Problem
An exact, complete copy of the entries is needed, with the pictures left out.

Data records
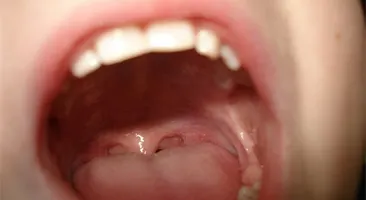 Loét vòm miệng do nhiệt miệng hay dấu hiệu bệnh lý nguy hiểm?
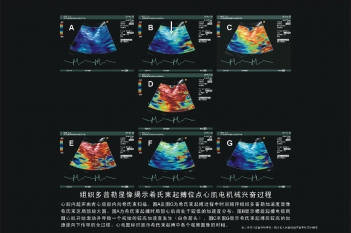 希氏束起搏位点心肌电机械兴奋过程
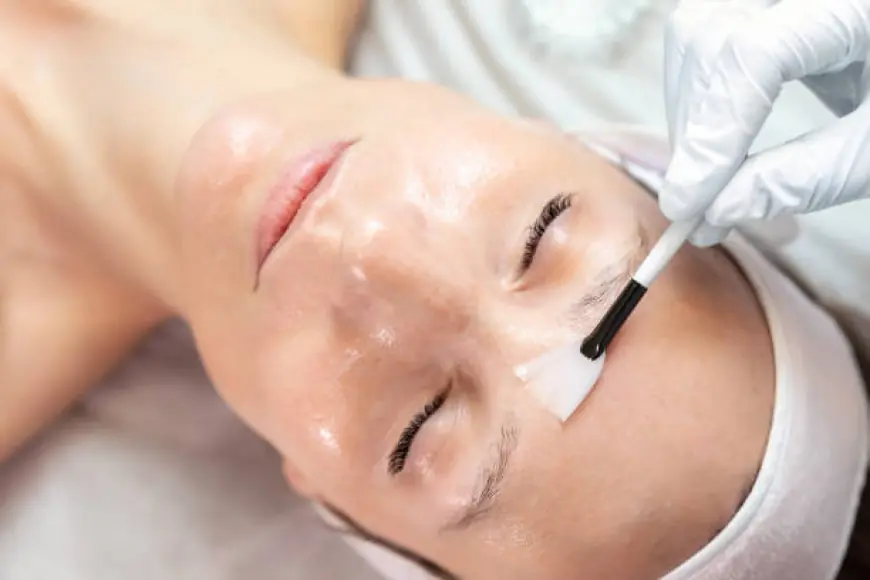 Are Chemical Peels Safe? What You Should Know Before Trying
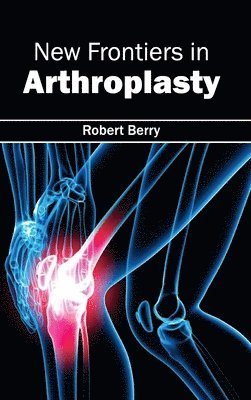 Robert Berry - New Frontiers in Arthroplasty, Inbunden. Tillgänglighet: Lägg i varukorg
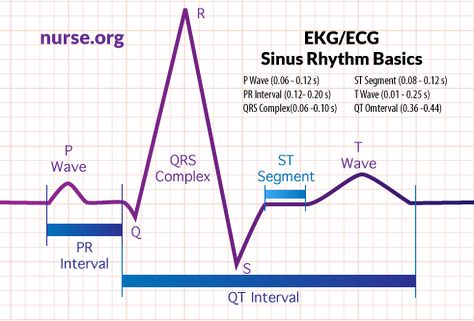 How To Read An Electrocardiogram (EKG/ECG) Ekg Interpretation Made Easy, Ekg Lead Placement Cheat Sheets, Ecg Placement, Ecg Reading, Ekg Tech, Lethal Rhythms Ekg, Ekg Electrode Placement, Ekg Rhythms, Ekg Interpretation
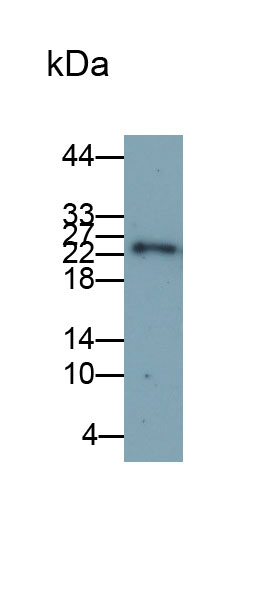 Monoclonal Antibody to Acidic Salivary Proline Rich Phosphoprotein 2 (PRH2)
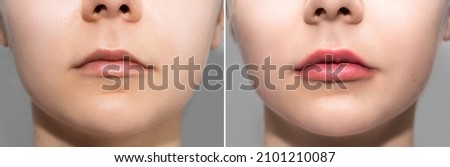 Closeup of female lips after permanent makeup lip blushing procedure Royalty-Free Stock Photo #2101210087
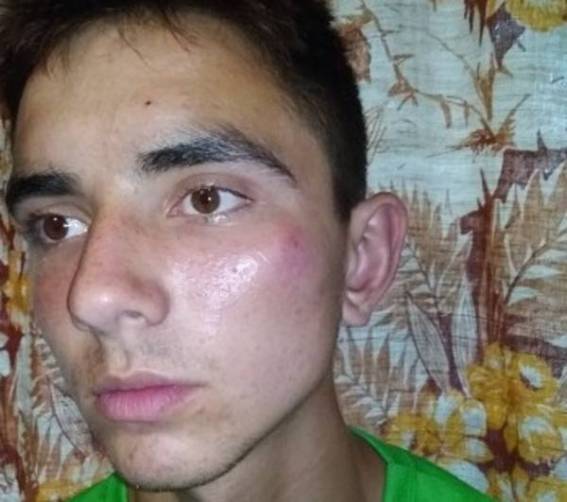 Водитель брянской маршрутки избил 16-летнего парня монтировкой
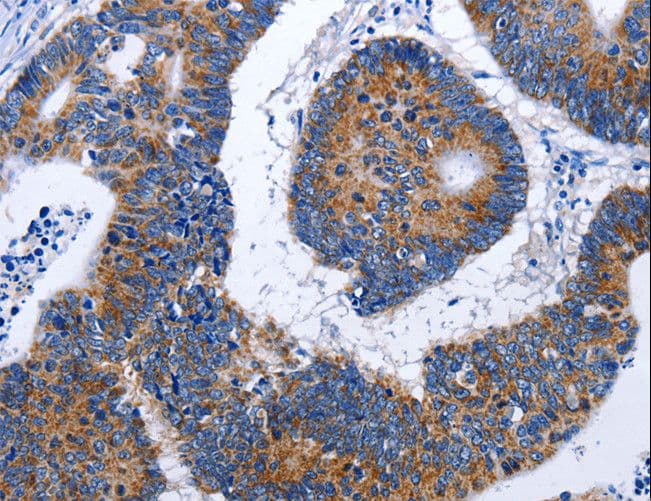 EF1G / EEF1G Antibody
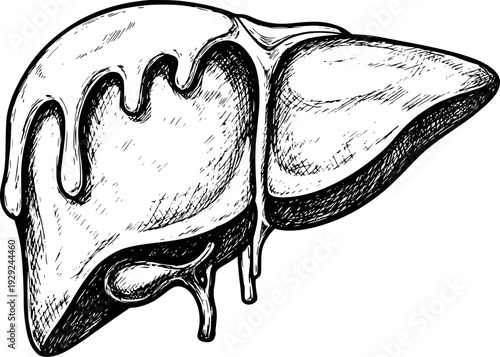 Hand Drawn of a Diseased Liver with Dripping Fluid White Background organ human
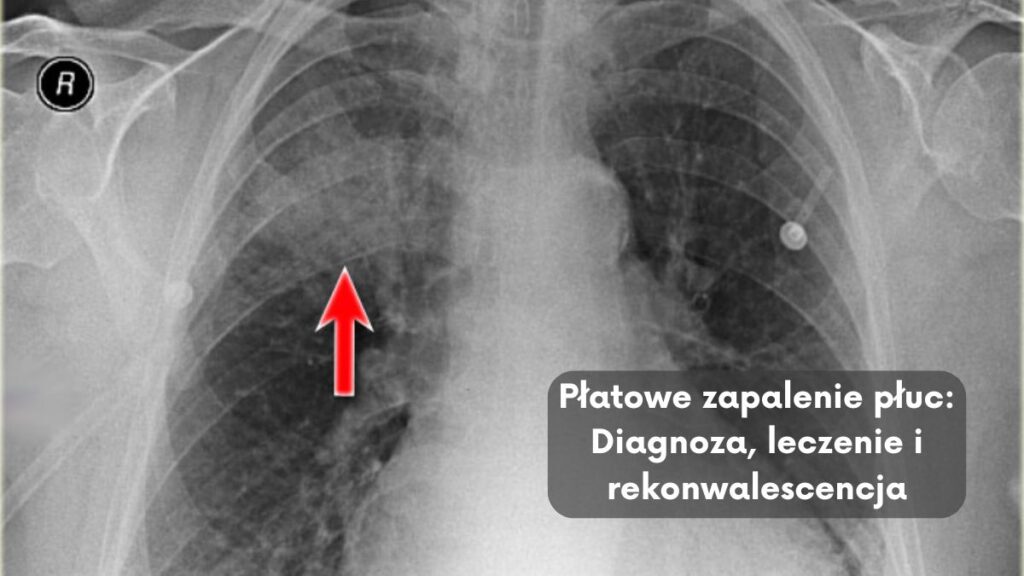 Płatowe zapalenie płuc: Diagnoza, leczenie i rekonwalescencja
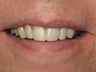 Internal Bleaching and Bonding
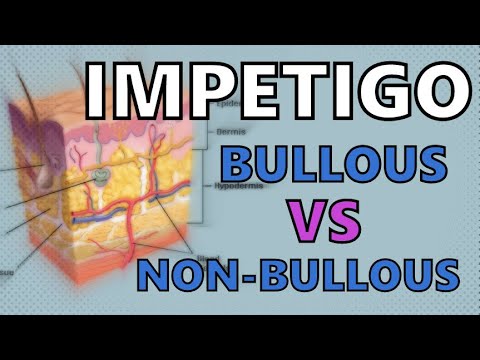 IMPETIGO EXPLAINED IN 2 MINUTES - BULLOUS vs NON-BULLOUS IMPETIGO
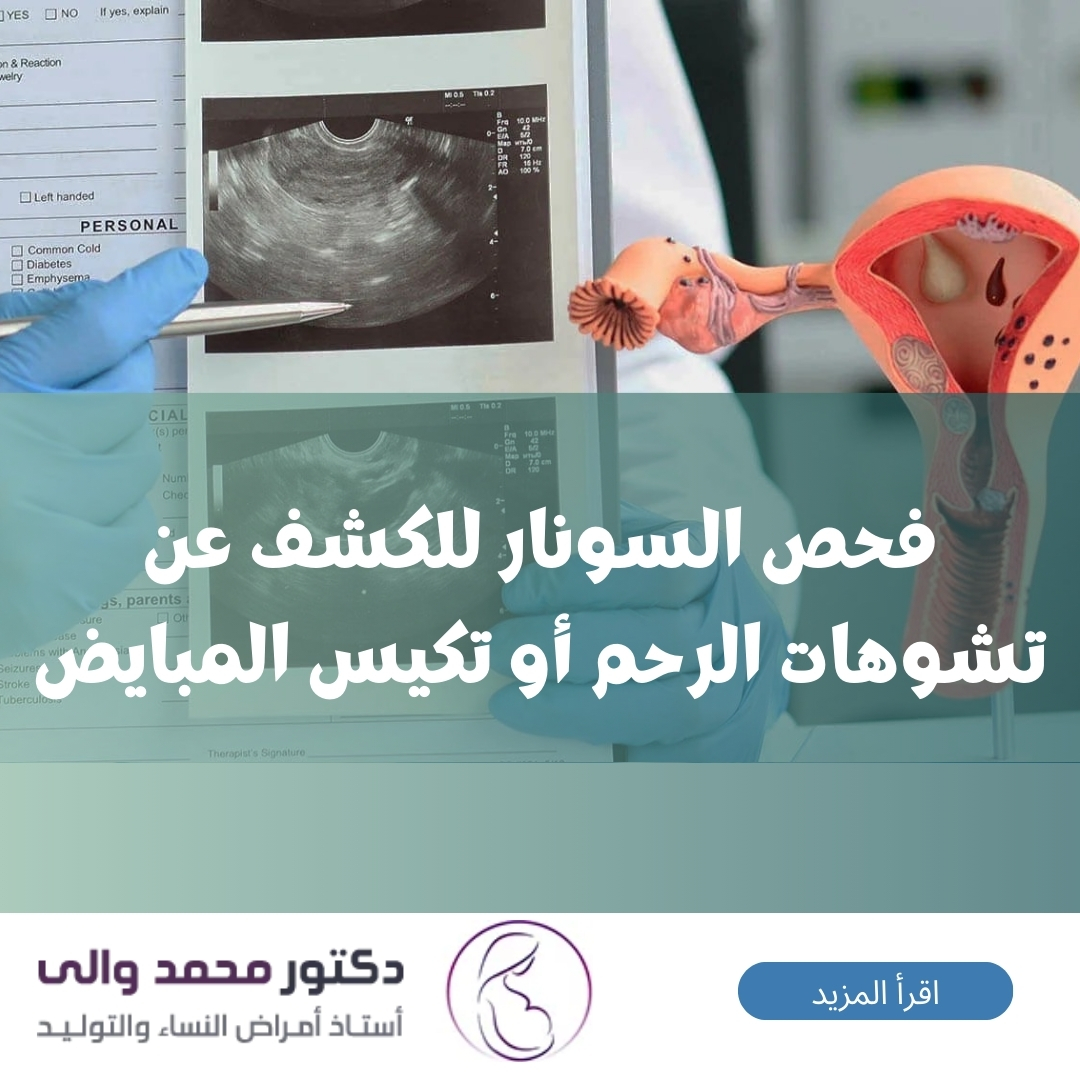 فحص السونار للكشف عن تشوهات الرحم أو تكيس المبايض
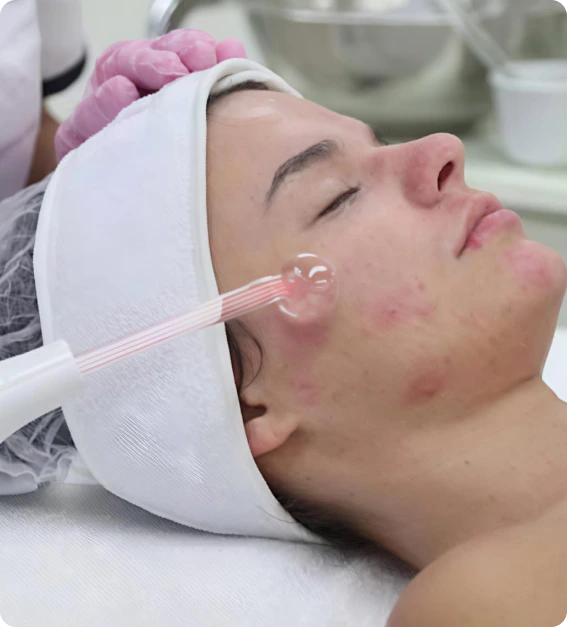 Acne facial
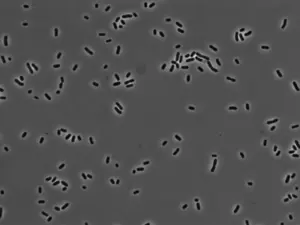 Oral Klebsiella pneumoniae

Your response
 Loét vòm miệng do nhiệt miệng hay dấu hiệu bệnh lý nguy hiểm?
 希氏束起搏位点心肌电机械兴奋过程
 Are Chemical Peels Safe? What You Should Know Before Trying
 Robert Berry - New Frontiers in Arthroplasty, Inbunden. Tillgänglighet: Lägg i varukorg
 How To Read An Electrocardiogram (EKG/ECG) Ekg Interpretation Made Easy, Ekg Lead Placement Cheat Sheets, Ecg Placement, Ecg Reading, Ekg Tech, Lethal Rhythms Ekg, Ekg Electrode Placement, Ekg Rhythms, Ekg Interpretation
 Monoclonal Antibody to Acidic Salivary Proline Rich Phosphoprotein 2 (PRH2)
 Closeup of female lips after permanent makeup lip blushing procedure Royalty-Free Stock Photo #2101210087
 Водитель брянской маршрутки избил 16-летнего парня монтировкой
 EF1G / EEF1G Antibody
 Hand Drawn of a Diseased Liver with Dripping Fluid White Background organ human
 Płatowe zapalenie płuc: Diagnoza, leczenie i rekonwalescencja
 Internal Bleaching and Bonding
 IMPETIGO EXPLAINED IN 2 MINUTES - BULLOUS vs NON-BULLOUS IMPETIGO
 فحص السونار للكشف عن تشوهات الرحم أو تكيس المبايض
 Acne facial
 Oral Klebsiella pneumoniae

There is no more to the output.